▸ Given material:
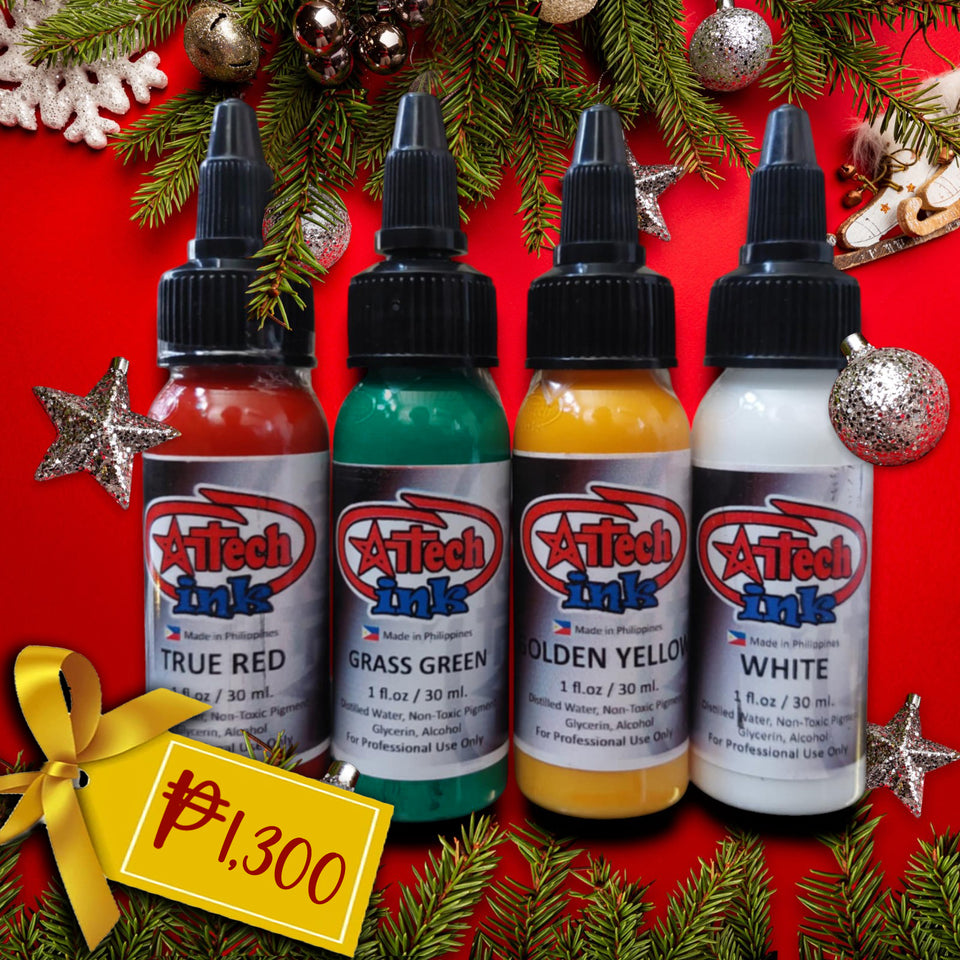 Christmas Colors SALE!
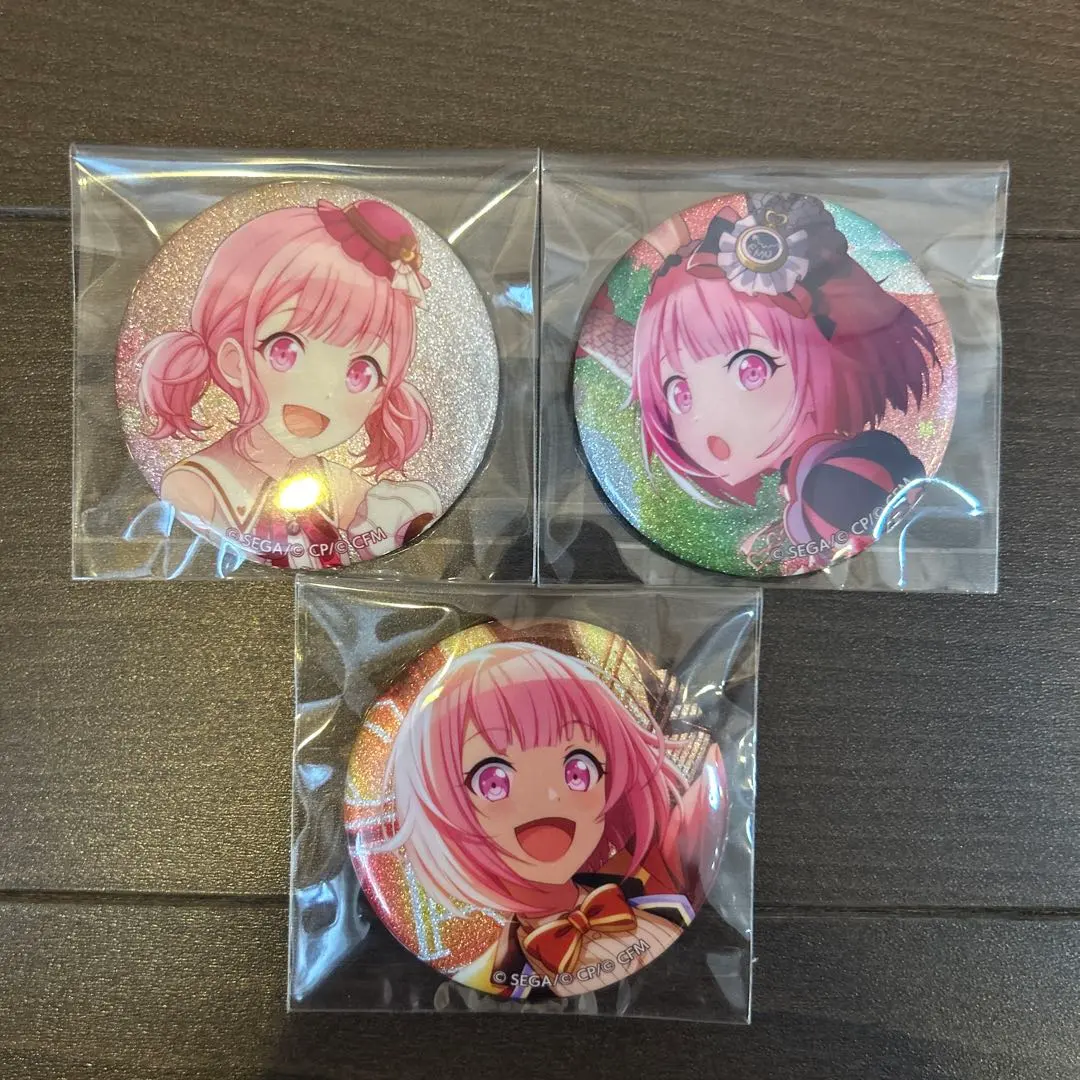 Thumbnail of Project Sekai Emu Otori Can Badges - Bulk Sale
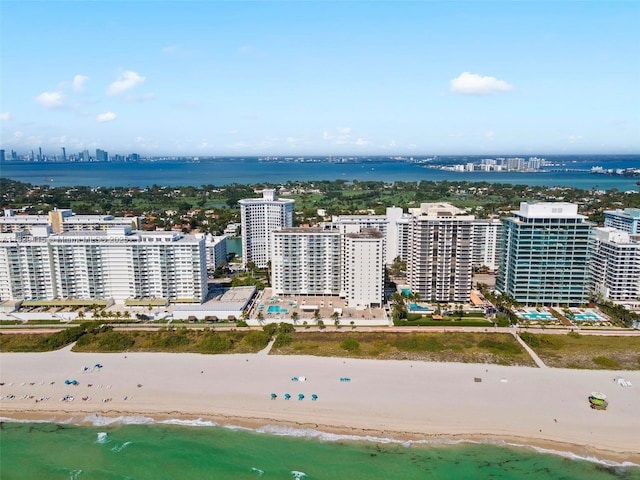 5701 Collins Ave Unit 417, Miami Beach, FL 33140 - view of urban area featuring expansive coastline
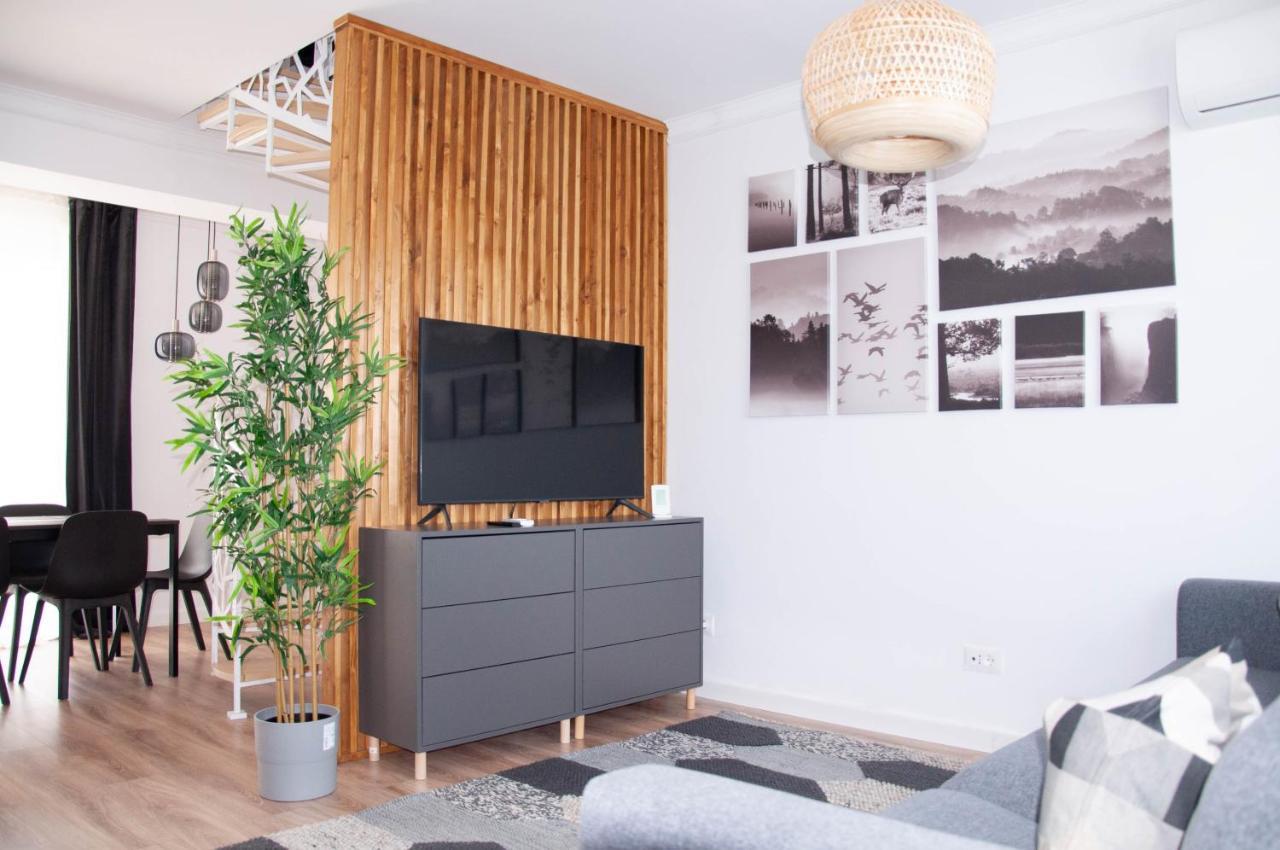 Apartment 5 Penthouse No 25 Free Parking Bucharest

▸ Task objective: Take the preceding listing and transcribe it exactly, skipping the pictures.

▸ Final answer:
 Christmas Colors SALE!
 Thumbnail of Project Sekai Emu Otori Can Badges - Bulk Sale
 5701 Collins Ave Unit 417, Miami Beach, FL 33140 - view of urban area featuring expansive coastline
 Apartment 5 Penthouse No 25 Free Parking Bucharest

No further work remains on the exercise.